That's a dog that worked many nights security and was involved in many situation where aggression was required from him. It is a stable social dog and also reacts on his own at the right time.


----------



## Jerry Lyda (Apr 4, 2006)

Sorry I don't see defense in that dog. I see prey in all his body language, I see a trained response of active aggression. Your idea of defense and mine are not the same. Nice dog, I like him.


----------



## Jerry Lyda (Apr 4, 2006)

Other than size what's the difference in these two dogs?

http://s71.photobucket.com/albums/i160/JerryLyda/?action=view&current=mymama.flv


----------



## Emilio Rodriguez (Jan 16, 2009)

The boston terrier is saying keep away, the pit is saying come here.


Jerry Lyda said:


> Sorry I don't see defense in that dog. I see prey in all his body language, I see a trained response of active aggression. Your idea of defense and mine are not the same. Nice dog, I like him.

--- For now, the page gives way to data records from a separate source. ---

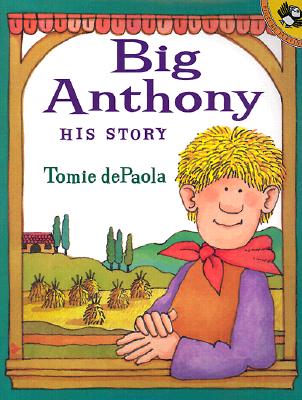 Big Anthony: His Story - Tomie Depaola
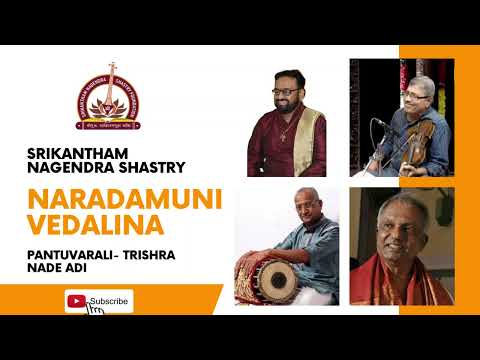 Naradamuni Vedalina - Pantuvarali - Tyagaraja | Srikantham Nagendra Shastry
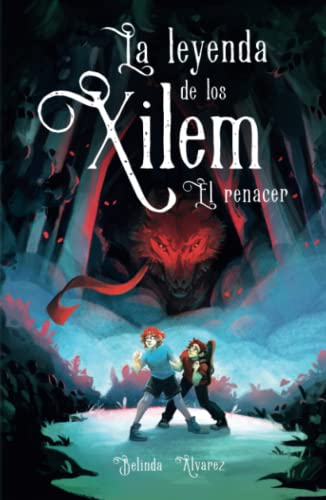 Portada del libro La Leyenda de los Xilem. El Renacer: un libro de magia y música, lleno de criaturas fantásticas y misterios. (ILUSTRACIONES EN BLANCO Y NEGRO)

Didn't you see my post (#11) where I said the same thing?


----------



## Jerry Lyda (Apr 4, 2006)

The Boston, Doodle Bug is saying," If I could reach that flesh I will bite it." I know, He has bitten me many times and he belongs to me. I'm keeping the flesh up out of his way. 

They are both in prey but a dog in prey will bite you. It's what is done to that dog after he has bitten that will throw him in fight or defense. The rott you showed in the other thread is in defense. Once he learns the game you are playing with him then he too will go to prey until you agress on him.

I think that the wording we are using means different things to you and I. That's OK, I can live with that.


----------



## Emilio Rodriguez (Jan 16, 2009)

Reading or misreading the boston from a vid doesn't mean much. I know what it takes to get the dog in front of me to work properly. The boston will never do it so it's a strange comparison to bring to the table as far as demonstrating a drive suitable for man work. Most likely he thinks your hand is the offending body part and doesn't perceive your person as his adversary, that's why it jumps up and wouldn't simply bite your legs. Probably stems from the terrier tendency to go after small game. A far cry from all the variables a protection dog has to deal with.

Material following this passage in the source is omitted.